Tragis! Seorang Ibu di Sumut Tewas Dibunuh Anak Kandungnya Sendiri Gara-gara Tak Diberi Uang
Kabar pilu datang dari Kabupaten Deli Serdang, Sumatera Utara. Seorang ibu rumah tangga (IRT) menjadi korban pembunuhan yang diduga dilakukan oleh anak kandungnya sendiri hanya karena persoalan uang. Peristiwa ibu dibunuh yang sangat tragis ini terjadi di kediaman korban di Desa Tanjung Morawa A, Kecamatan Tanjung Morawa, pada Sabtu pagi, 26 April 2025, sekitar pukul 07.00 WIB. Korban ditemukan ibu dibunuh dengan luka parah akibat senjata tajam.
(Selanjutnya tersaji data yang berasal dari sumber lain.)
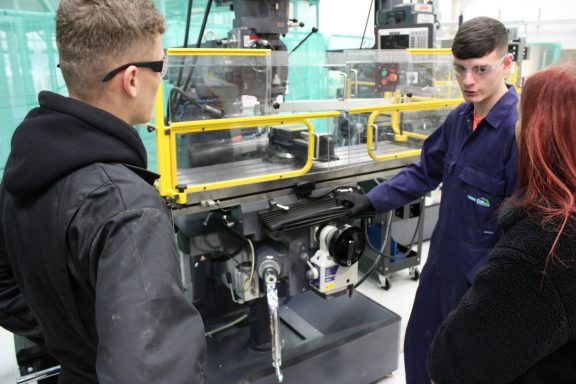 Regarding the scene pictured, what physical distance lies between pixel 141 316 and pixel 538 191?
756mm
Korban diketahui bernama Nurhayati (58). Sementara pelaku yang diduga kuat adalah anak kandungnya sendiri, bernama Roni (30). Berdasarkan informasi yang dihimpun dari warga sekitar dan pihak kepolisian, peristiwa ibu dibunuh ini bermula ketika Roni meminta uang kepada ibunya. Diduga karena tidak diberi atau jumlahnya tidak sesuai dengan keinginan pelaku, terjadi percekcokan yang berujung pada tindakan kekerasan yang fatal.
Menurut keterangan saksi mata, Bapak Syaiful (45), tetangga korban, ia mendengar suara teriakan histeris dari rumah korban pada pagi hari. “Saya dengar ibu Nurhayati teriak-teriak minta tolong. Saya langsung lari ke sana dan melihat Roni keluar rumah dengan membawa pisau yang berlumuran darah,” ujar Bapak Syaiful dengan nada terkejut. Warga lainnya yang mendengar keributan juga berdatangan dan berusaha mengamankan pelaku sebelum akhirnya diserahkan kepada pihak kepolisian yang tiba di lokasi.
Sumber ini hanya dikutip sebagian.